Stripe Setup — Subscription Billing Without the Headache
Stripe is the payment infrastructure. It's not optional for a subscription agency — it's the single tool that lets you forget about billing entirely once it's set up.
30 minutes to set up, then you never think about it again.
Why Stripe (vs. PayPal, Square, etc.)
- Subscription billing built in — no plugins, no integrations, just Products + Prices
- Self-serve customer portal — clients can update cards, see invoices, cancel without calling you
- No monthly fees — pay only when you collect (2.9% + $0.30 per transaction)

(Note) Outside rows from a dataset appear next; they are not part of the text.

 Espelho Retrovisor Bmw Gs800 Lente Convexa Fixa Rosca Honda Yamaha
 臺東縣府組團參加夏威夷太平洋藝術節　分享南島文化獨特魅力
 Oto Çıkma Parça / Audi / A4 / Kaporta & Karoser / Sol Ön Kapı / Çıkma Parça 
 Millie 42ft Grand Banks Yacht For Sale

- Best documentation in the industry — every error has a clear fix
- Works in 47+ countries — if you go international, you're covered
- Bank transfers (ACH) at 0.8% — for clients who'd rather not use a card
PayPal: clunky, holds funds. Square: better for in-person. Patreon-style tools: too consumer-focused. Stripe is the standard.
Day 1 setup (30 minutes total)
Step 1: Create your account
- Go to stripe.com, sign up
- Use your real legal business name + EIN (not personal)

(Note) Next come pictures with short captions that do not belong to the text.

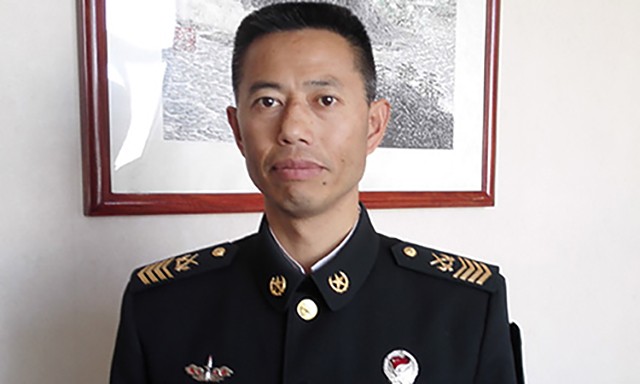 安徽籍兵王名单,兵王安徽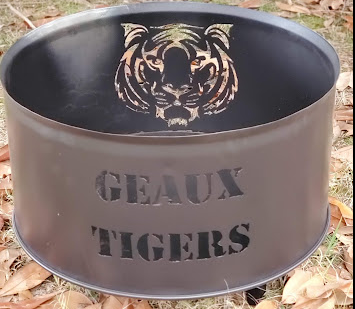 LSU Geaux Tigers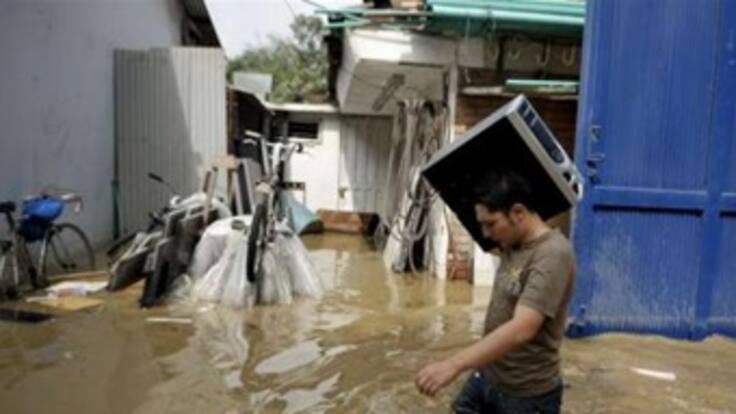 Más de 200 mil millones de pesos requiere el sector salud afectado por el invierno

- Bank account in the LLC's name (you'll need this from doc 15)
- Verify your business — usually takes 1–2 days for first payout to clear
Step 2: Create your Products
In Stripe Dashboard → Products → + Add product:
Product 1: Website Subscription — Starter
- Pricing: Recurring → $97 USD / monthly
- Price ID: price_starter_97 (will be auto-generated, save it)

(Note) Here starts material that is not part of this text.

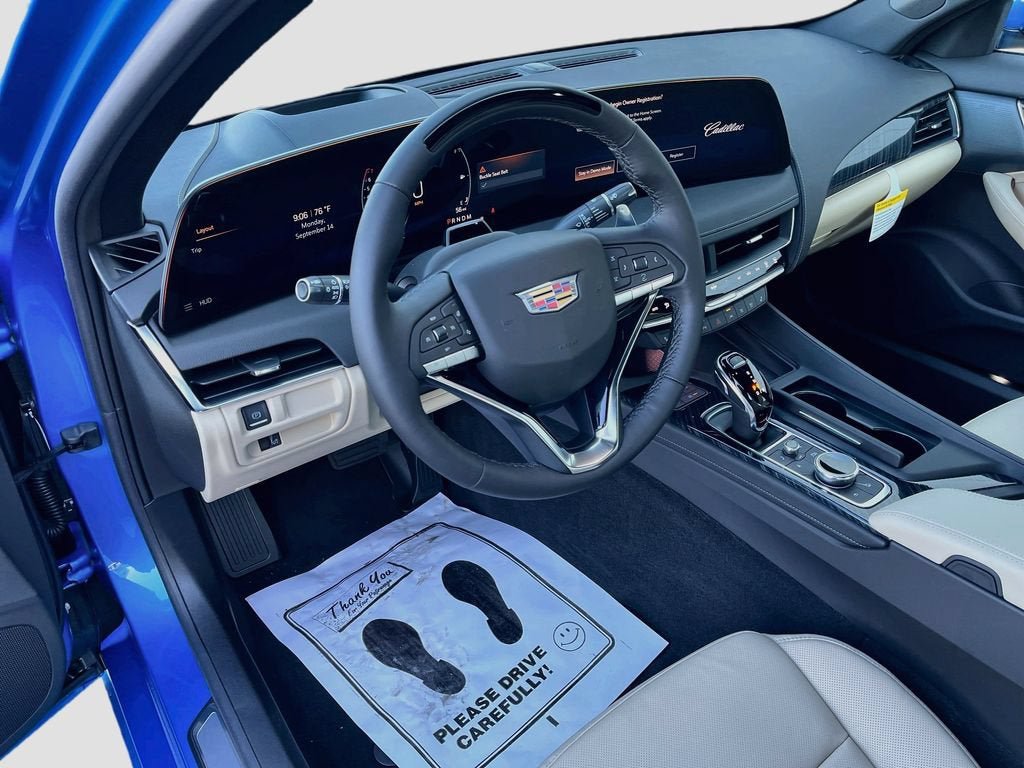 New 2026 Cadillac CT5 Premium Luxury w/ Technology Package RWD image 16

Product 2: Website Subscription — Growth
- Pricing: Recurring → $197 USD / monthly
- Price ID: price_growth_197
Product 3: Website Subscription — Pro
- Pricing: Recurring → $397 USD / monthly
- Price ID: price_pro_397
Step 3: Create one-time products (for add-ons)
Logo refresh: $400 one-time
Pro photography day (coordination): $200 one-time
Booking system add-on: $500 one-time + $25/mo subscription
These get billed separately when needed.
Step 4: Configure your tax handling
Stripe Tax → Enable. It auto-calculates and collects sales tax based on your jurisdiction and the customer's location.
For services, sales tax rules vary by state. Stripe handles the complexity. Turn it on unless your accountant tells you otherwise.
Step 5: Customize the Customer Portal
Settings → Billing → Customer Portal:
- ✅ Allow customers to update payment method
- ✅ Allow customers to update billing address
- ✅ Allow customers to cancel subscriptions (with confirmation)
- ✅ Show invoice history
- 📧 Add your support email
When customers cancel through the portal, you get an email notification immediately. Always reach out personally before they finalize.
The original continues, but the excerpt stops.